→ WHAT NEEDS TO BE DONE:
Aim for an exact copy of the listing, without any images.

------------------------------------------------

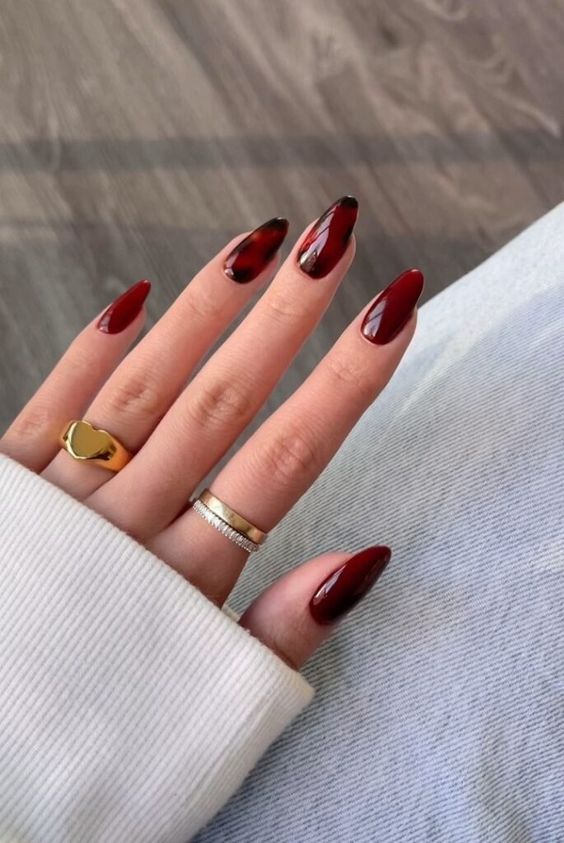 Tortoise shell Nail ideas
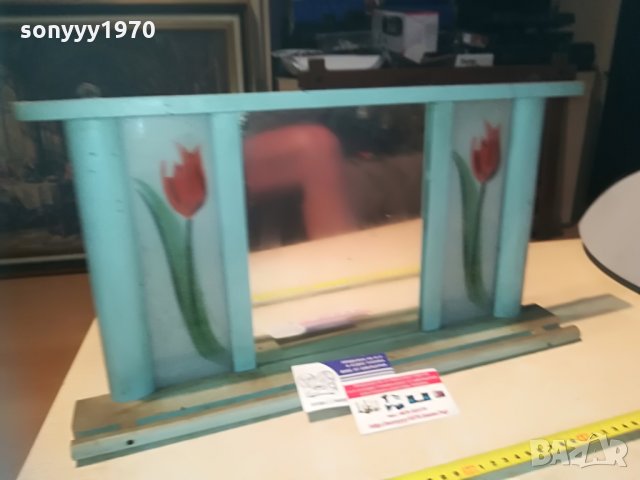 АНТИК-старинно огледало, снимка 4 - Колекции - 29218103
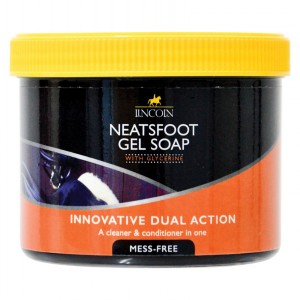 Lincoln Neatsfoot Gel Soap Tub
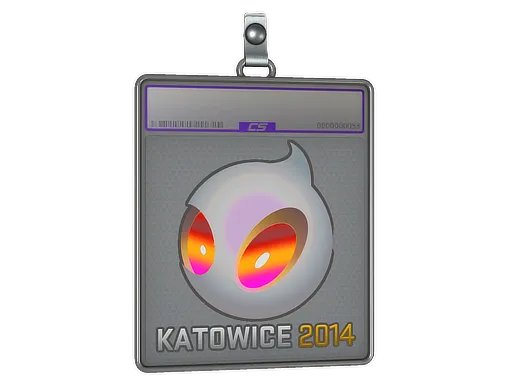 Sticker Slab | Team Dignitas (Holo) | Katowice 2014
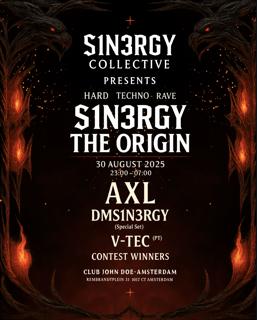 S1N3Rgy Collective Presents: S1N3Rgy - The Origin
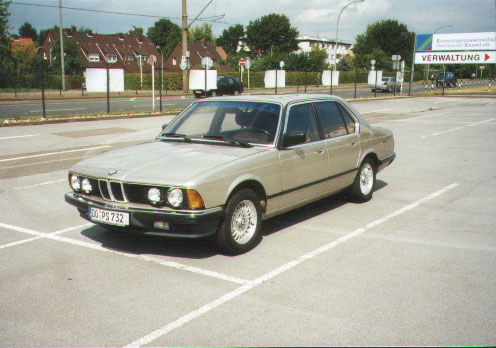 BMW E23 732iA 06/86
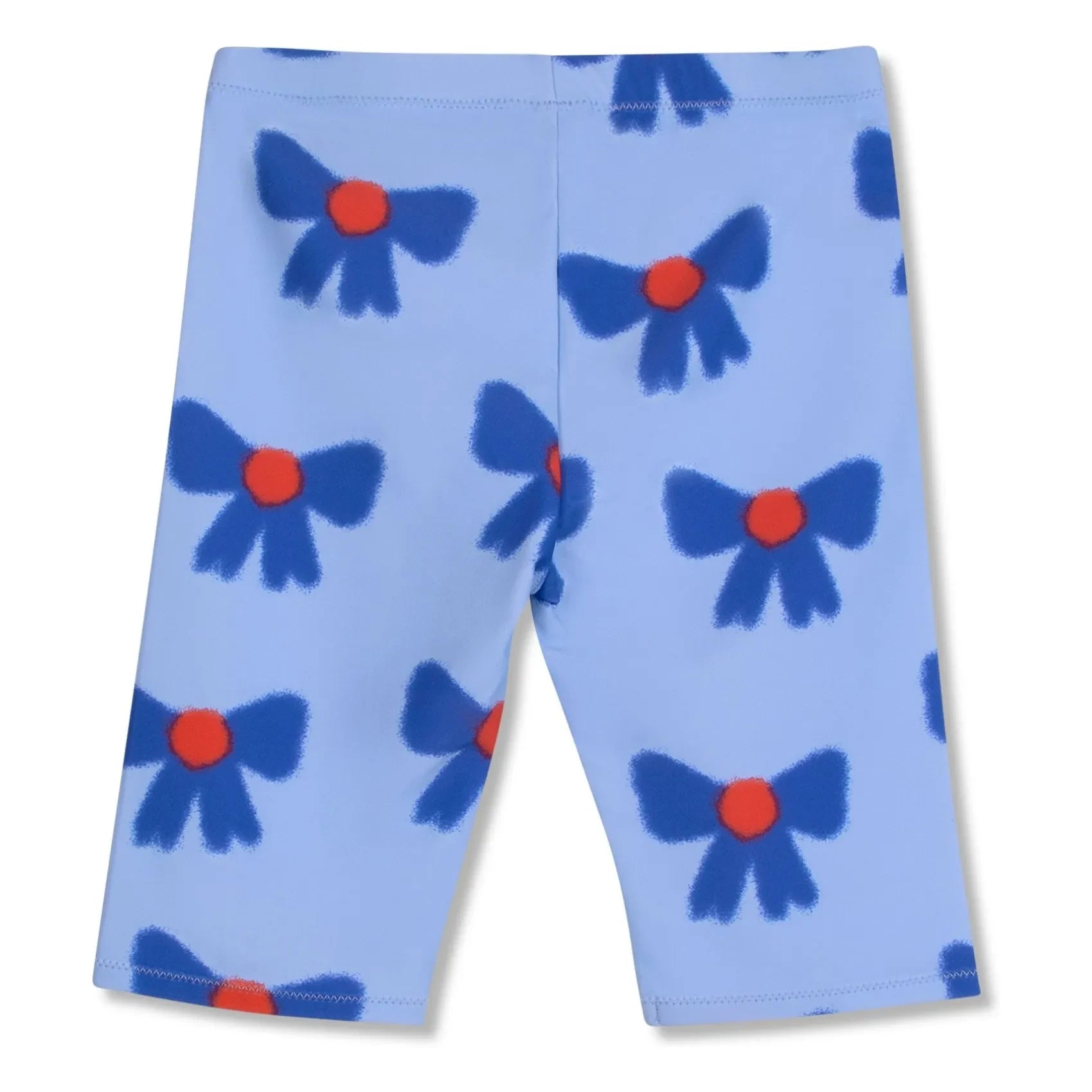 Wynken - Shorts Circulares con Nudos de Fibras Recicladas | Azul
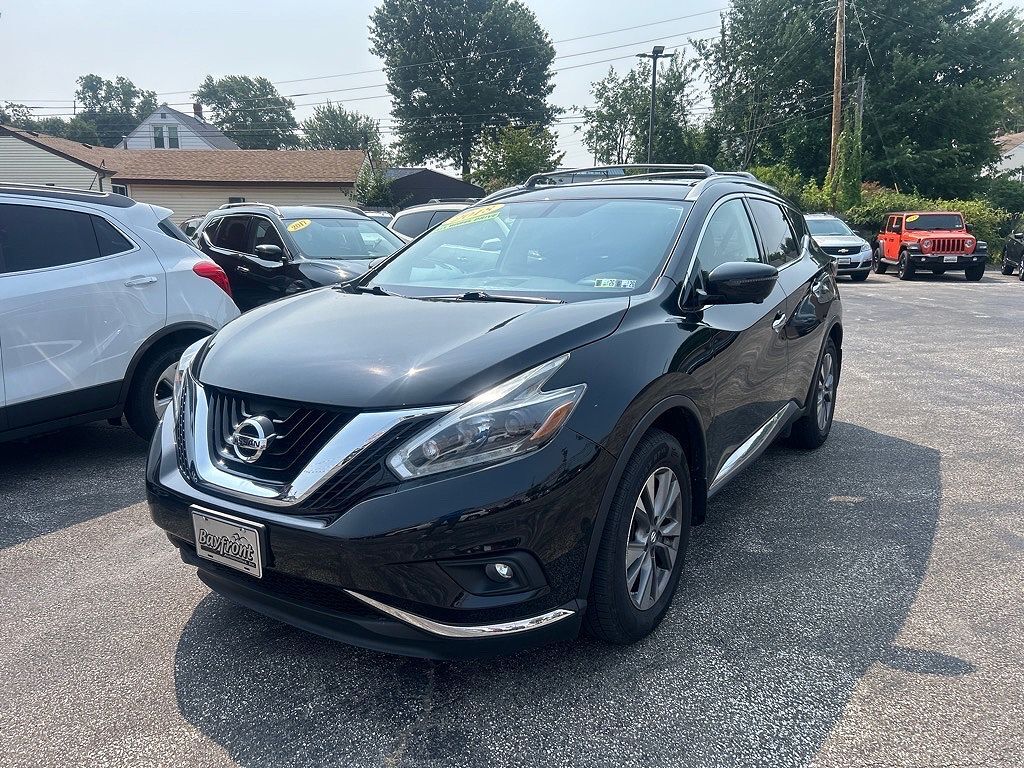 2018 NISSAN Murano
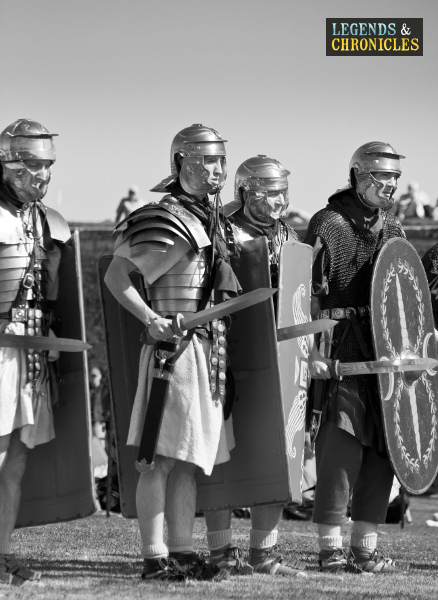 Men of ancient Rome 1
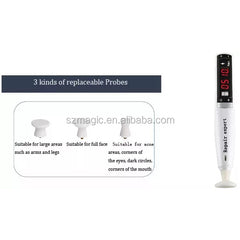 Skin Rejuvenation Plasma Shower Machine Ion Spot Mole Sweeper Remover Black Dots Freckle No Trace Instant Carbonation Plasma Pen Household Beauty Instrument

------------------------------------------------

→ OUTPUT FOR THIS TASK:
 Tortoise shell Nail ideas
 АНТИК-старинно огледало, снимка 4 - Колекции - 29218103
 Lincoln Neatsfoot Gel Soap Tub
 Sticker Slab | Team Dignitas (Holo) | Katowice 2014
 S1N3Rgy Collective Presents: S1N3Rgy - The Origin
 BMW E23 732iA 06/86
 Wynken - Shorts Circulares con Nudos de Fibras Recicladas | Azul
 2018 NISSAN Murano
 Men of ancient Rome 1
 Skin Rejuvenation Plasma Shower Machine Ion Spot Mole Sweeper Remover Black Dots Freckle No Trace Instant Carbonation Plasma Pen Household Beauty Instrument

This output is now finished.